[Dataset records]
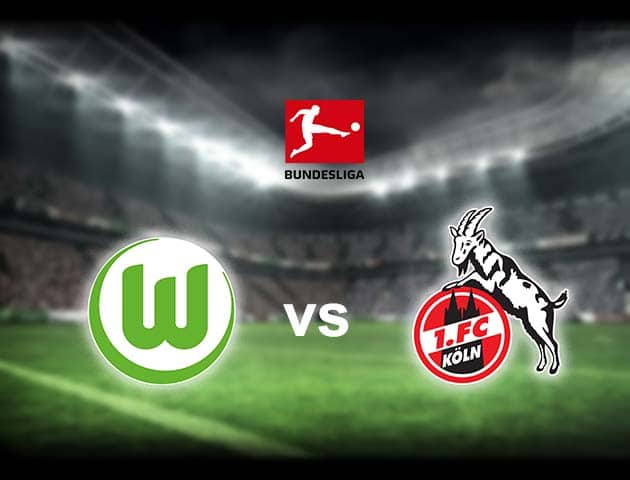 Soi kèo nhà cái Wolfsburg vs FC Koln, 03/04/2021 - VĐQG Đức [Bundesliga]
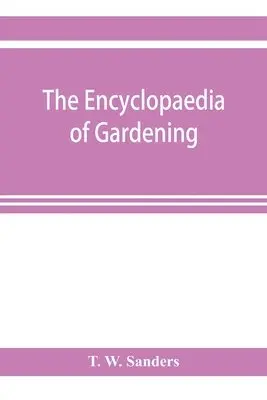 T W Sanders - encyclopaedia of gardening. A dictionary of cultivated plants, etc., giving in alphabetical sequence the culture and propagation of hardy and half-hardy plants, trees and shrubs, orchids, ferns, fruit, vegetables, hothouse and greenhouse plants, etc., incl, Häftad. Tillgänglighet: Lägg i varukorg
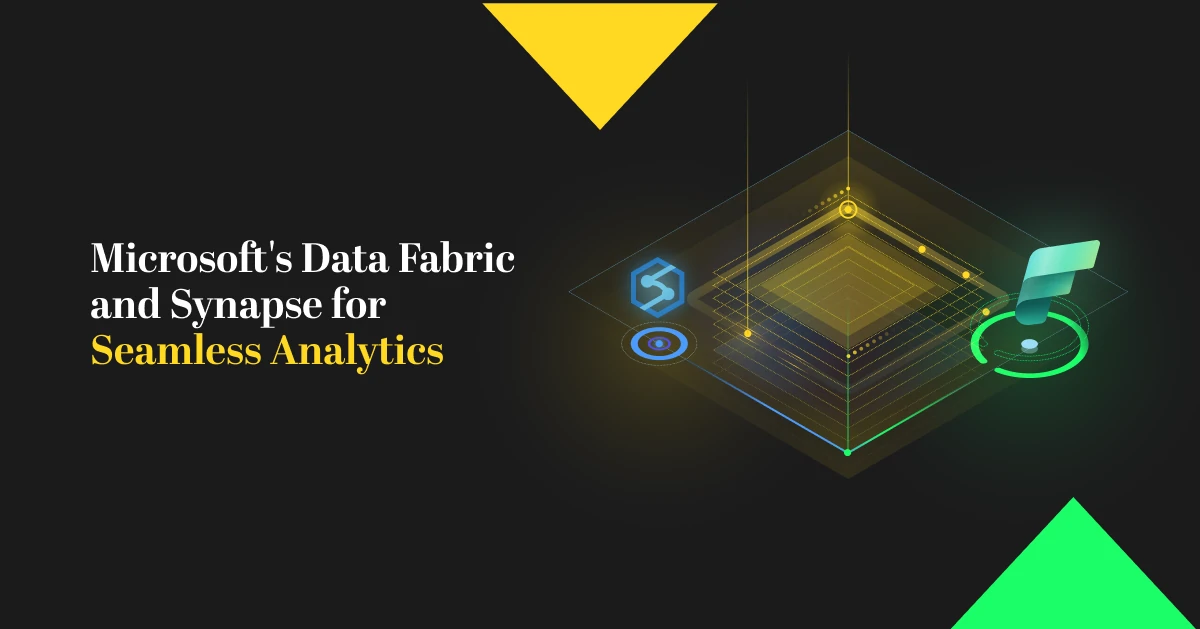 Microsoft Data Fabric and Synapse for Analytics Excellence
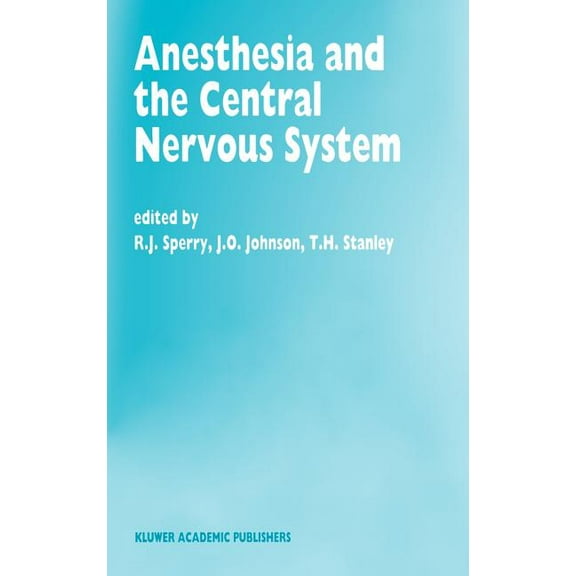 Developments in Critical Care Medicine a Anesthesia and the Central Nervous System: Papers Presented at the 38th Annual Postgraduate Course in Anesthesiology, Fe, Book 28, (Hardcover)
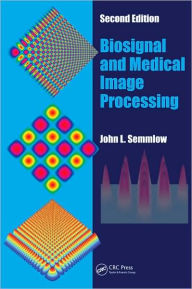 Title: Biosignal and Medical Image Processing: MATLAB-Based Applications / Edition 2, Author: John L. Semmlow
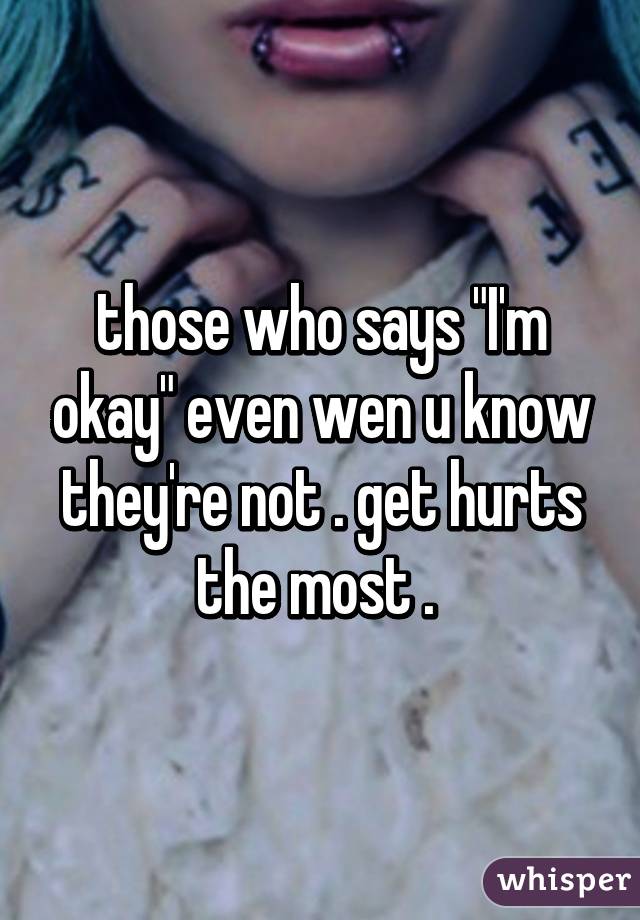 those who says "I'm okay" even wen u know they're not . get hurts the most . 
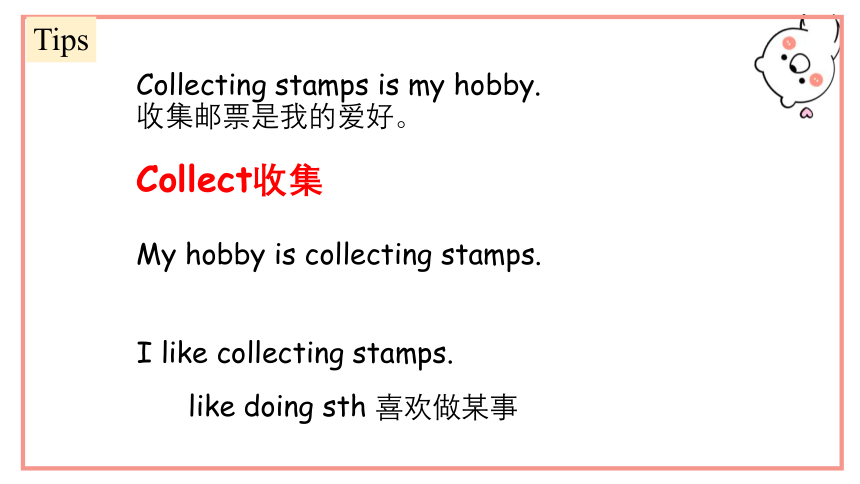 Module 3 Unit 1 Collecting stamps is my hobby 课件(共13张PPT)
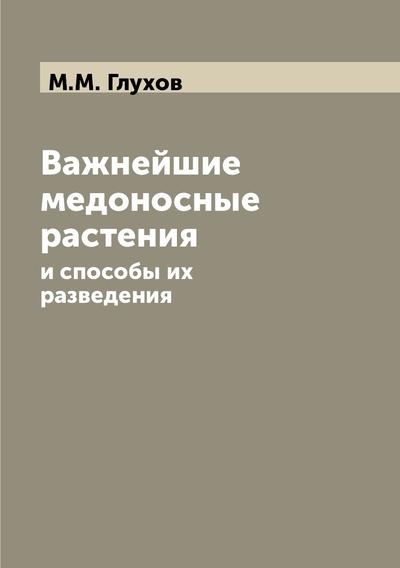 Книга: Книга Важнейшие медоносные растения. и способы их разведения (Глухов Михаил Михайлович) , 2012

● **Try it**
Leave out the pictures and print every line of the data exactly.

● **Solution below**
 Soi kèo nhà cái Wolfsburg vs FC Koln, 03/04/2021 - VĐQG Đức [Bundesliga]
 T W Sanders - encyclopaedia of gardening. A dictionary of cultivated plants, etc., giving in alphabetical sequence the culture and propagation of hardy and half-hardy plants, trees and shrubs, orchids, ferns, fruit, vegetables, hothouse and greenhouse plants, etc., incl, Häftad. Tillgänglighet: Lägg i varukorg
 Microsoft Data Fabric and Synapse for Analytics Excellence
 Developments in Critical Care Medicine a Anesthesia and the Central Nervous System: Papers Presented at the 38th Annual Postgraduate Course in Anesthesiology, Fe, Book 28, (Hardcover)
 Title: Biosignal and Medical Image Processing: MATLAB-Based Applications / Edition 2, Author: John L. Semmlow
 those who says "I'm okay" even wen u know they're not . get hurts the most . 
 Module 3 Unit 1 Collecting stamps is my hobby 课件(共13张PPT)
 Книга: Книга Важнейшие медоносные растения. и способы их разведения (Глухов Михаил Михайлович) , 2012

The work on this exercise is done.